Scheme Procedure: real? obj

C Function: scm_real_p (obj)

Return #t if obj is a real number, else #f. Note that the sets of integer and rational values form subsets of the set of real numbers, so the predicate will also be fulfilled if obj is an integer number or a rational number.

Scheme Procedure: rational? x

C Function: scm_rational_p (x)

Return #t if x is a rational number, #f otherwise. Note that the set of integer values forms a subset of the set of rational numbers, i.e. the predicate will also be fulfilled if x is an integer number.

Scheme Procedure: rationalize x eps

C Function: scm_rationalize (x, eps)

Returns the simplest rational number differing from x by no more than eps.

As required by R5RS, rationalize only returns an exact result when both its arguments are exact. Thus, you might need to use inexact->exact on the arguments.

(rationalize (inexact->exact 1.2) 1/100)
⇒ 6/5

Scheme Procedure: inf? x

C Function: scm_inf_p (x)

Return #t if the real number x is ‘+inf.0’ or ‘-inf.0’. Otherwise return #f.

Scheme Procedure: nan? x

C Function: scm_nan_p (x)

Return #t if the real number x is ‘+nan.0’, or #f otherwise.

Scheme Procedure: finite? x

C Function: scm_finite_p (x)

Return #t if the real number x is neither infinite nor a NaN, #f otherwise.

Scheme Procedure: nan

C Function: scm_nan ()

Return ‘+nan.0’, a NaN value.

Scheme Procedure: inf

C Function: scm_inf ()

Return ‘+inf.0’, positive infinity.

Scheme Procedure: numerator x

C Function: scm_numerator (x)

Return the numerator of the rational number x.

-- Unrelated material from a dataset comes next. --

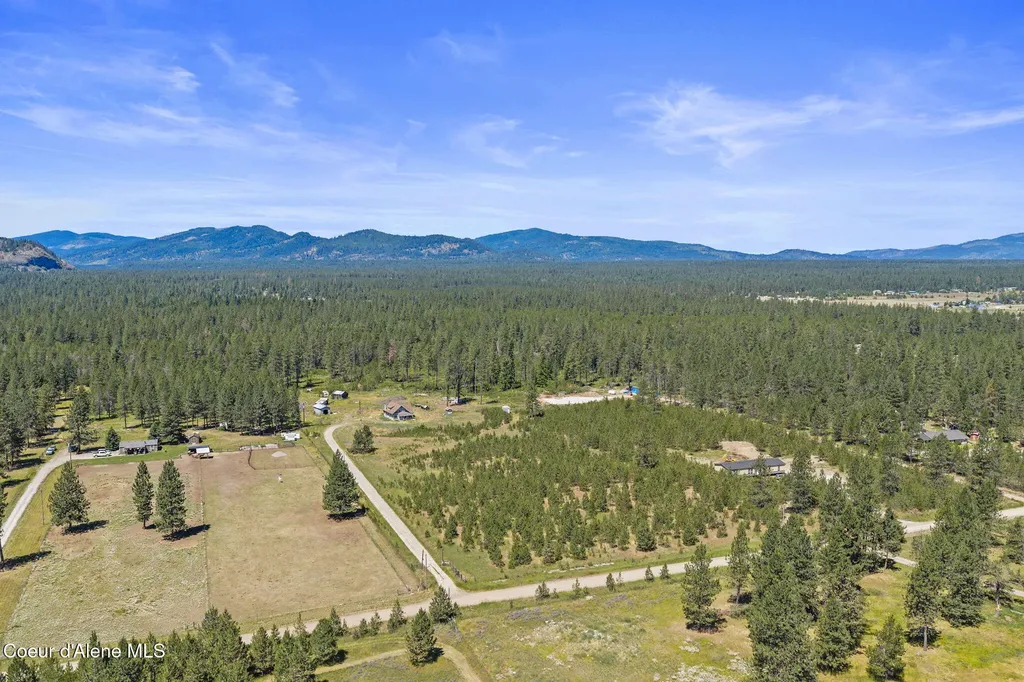 26497 N Warren Road Athol ID 83801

Scheme Procedure: denominator x

C Function: scm_denominator (x)

Return the denominator of the rational number x.

C Function: int scm_is_real (SCM val)

C Function: int scm_is_rational (SCM val)

Equivalent to scm_is_true (scm_real_p (val)) and scm_is_true (scm_rational_p (val)), respectively.

C Function: double scm_to_double (SCM val)

Returns the number closest to val that is representable as a double. Returns infinity for a val that is too large in magnitude. The argument val must be a real number.

C Function: SCM scm_from_double (double val)

Return the SCM value that represents val. The returned value is inexact according to the predicate inexact?, but it will be exactly equal to val.